There is a significant practical problem to "turn the tree red and work with someone to rebaseline the tests". It takes multiple hours for some bots to build and test a given patch. That means, at any moment, you will have maybe tens and in some cases hundreds of failing tests associated with some changelist that you need to track on the bots. You might have more failing tests associated with a different changelist, and so on.
How do you propose to track which baselines have been computed by which bots for which changelists? In the past I have seen failing tests because baselines were checked in too soon and some bot had not generated new baselines. Things are even worse when a change goes in late in the day. How will the pending rebaselines be handed off to the new gardener?
In either case, your responsibility for the patch does not end with the patch landing in the tree. There may be regressions from your change or additional feedback from reviewers after the patch has landed. You can watch the tree at build.webkit.org to make sure your patch builds and passes tests on all platforms. It is your responsibility to be available should regressions arise and to respond to additional feedback that happens after a check-in.
Changes should succeed on all platforms, but it can be difficult to test on every platform WebKit supports. Be certain that your change does not introduce new test failures on the high-traffic Mac or Windows ports by comparing the list of failing tests before and after your change. Your change must at least compile on all platforms.

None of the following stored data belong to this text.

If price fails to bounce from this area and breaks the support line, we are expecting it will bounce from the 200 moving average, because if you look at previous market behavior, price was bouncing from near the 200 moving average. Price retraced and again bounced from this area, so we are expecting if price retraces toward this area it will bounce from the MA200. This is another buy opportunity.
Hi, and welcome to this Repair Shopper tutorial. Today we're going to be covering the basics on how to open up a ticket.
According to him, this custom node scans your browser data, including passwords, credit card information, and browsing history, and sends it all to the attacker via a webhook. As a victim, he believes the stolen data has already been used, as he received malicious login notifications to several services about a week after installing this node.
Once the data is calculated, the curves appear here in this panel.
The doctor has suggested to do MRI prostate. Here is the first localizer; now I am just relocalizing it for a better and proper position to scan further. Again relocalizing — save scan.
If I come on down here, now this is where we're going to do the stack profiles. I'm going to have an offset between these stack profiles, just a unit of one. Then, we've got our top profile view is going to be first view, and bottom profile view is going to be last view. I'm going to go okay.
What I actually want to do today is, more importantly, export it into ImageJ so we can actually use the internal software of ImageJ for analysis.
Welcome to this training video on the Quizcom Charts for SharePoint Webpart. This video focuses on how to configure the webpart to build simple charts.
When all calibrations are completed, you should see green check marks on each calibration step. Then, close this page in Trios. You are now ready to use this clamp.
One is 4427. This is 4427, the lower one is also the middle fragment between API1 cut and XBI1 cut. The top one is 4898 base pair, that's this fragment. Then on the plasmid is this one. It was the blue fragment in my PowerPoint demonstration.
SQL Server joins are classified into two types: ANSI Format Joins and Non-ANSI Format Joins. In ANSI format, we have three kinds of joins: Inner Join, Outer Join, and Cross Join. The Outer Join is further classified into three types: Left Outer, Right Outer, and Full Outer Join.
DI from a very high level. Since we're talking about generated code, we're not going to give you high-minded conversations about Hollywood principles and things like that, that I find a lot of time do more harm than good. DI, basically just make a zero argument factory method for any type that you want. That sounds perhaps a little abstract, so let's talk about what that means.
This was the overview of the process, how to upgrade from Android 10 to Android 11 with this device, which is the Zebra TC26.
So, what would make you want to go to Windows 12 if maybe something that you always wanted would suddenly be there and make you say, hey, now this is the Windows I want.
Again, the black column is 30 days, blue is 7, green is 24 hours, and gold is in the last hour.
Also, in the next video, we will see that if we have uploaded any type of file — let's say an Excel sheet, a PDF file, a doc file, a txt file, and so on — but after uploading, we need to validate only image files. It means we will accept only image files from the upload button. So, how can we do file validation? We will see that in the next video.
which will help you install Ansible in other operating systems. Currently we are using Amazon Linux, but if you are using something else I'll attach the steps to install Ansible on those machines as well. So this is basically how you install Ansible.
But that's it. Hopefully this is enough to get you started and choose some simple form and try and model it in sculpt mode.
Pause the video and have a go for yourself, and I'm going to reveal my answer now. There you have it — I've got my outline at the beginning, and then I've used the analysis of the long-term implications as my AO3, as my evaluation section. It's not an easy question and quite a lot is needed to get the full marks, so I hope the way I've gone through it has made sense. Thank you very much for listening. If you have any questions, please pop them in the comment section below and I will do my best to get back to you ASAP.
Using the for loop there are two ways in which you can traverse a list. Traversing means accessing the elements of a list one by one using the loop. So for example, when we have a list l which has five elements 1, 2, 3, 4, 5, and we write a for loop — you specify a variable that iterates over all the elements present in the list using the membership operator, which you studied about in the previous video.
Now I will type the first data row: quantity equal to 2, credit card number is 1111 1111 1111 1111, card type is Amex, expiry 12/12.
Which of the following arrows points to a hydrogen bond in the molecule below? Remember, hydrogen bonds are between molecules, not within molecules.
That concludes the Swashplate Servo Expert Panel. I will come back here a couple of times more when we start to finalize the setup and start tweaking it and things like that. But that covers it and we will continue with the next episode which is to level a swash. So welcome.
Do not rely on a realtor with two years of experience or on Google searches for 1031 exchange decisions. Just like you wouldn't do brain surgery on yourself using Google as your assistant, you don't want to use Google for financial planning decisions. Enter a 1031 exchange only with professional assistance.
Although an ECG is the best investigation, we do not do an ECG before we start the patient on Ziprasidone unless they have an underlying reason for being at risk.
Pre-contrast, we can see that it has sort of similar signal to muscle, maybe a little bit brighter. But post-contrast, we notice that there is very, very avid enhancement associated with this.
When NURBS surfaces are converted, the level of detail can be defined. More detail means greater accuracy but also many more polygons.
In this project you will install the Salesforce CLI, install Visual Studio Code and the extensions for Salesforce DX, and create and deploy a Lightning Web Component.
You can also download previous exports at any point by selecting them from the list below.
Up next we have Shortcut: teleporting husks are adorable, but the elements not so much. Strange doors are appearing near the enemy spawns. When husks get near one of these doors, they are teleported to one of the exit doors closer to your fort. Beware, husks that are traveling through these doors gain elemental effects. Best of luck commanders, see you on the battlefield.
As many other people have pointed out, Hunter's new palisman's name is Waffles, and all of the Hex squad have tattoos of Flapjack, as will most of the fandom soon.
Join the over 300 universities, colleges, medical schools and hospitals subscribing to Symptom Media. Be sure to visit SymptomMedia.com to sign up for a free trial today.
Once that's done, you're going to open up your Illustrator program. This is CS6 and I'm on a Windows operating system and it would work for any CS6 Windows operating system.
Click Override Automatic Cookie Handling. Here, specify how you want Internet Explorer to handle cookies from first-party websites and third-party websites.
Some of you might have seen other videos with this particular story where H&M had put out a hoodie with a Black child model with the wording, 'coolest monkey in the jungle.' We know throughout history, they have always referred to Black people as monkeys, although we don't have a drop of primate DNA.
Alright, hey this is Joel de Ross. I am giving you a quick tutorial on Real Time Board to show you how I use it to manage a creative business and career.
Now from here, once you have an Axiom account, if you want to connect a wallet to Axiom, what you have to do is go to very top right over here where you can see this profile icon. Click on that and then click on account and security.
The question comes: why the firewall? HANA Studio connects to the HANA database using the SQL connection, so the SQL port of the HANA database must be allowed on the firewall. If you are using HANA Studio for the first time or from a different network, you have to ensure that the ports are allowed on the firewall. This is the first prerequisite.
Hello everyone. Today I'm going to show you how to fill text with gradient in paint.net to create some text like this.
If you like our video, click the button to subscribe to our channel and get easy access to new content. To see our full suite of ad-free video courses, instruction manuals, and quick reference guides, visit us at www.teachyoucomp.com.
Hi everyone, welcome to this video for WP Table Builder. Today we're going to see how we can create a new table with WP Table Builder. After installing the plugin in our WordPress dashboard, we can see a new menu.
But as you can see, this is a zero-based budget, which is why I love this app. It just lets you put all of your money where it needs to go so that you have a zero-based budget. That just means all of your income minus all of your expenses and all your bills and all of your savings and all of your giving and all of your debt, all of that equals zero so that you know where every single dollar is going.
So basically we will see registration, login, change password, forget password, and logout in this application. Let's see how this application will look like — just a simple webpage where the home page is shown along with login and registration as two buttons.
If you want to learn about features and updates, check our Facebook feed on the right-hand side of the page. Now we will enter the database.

As the Chromium owner of tests that are frequently broken by third party contributors (they do their best to help us, but cannot generate all 15 or so Chromium expectations), I would much rather have a bug filed against me and a line in the expectations file. At least I then have visibility on what's happening and a chance to verify the results. In a recent pass to clean up expectations we found multiple cases where the wrong result had been committed because the person who did it failed to realize the result was wrong. While you might say "fix the test to make it obvious", it is not obvious how to do that for all tests.
Why not simply attach an owner and a resolution date to each expectation? The real problem right now is accountability and a way to remind people that they have left expectations hanging.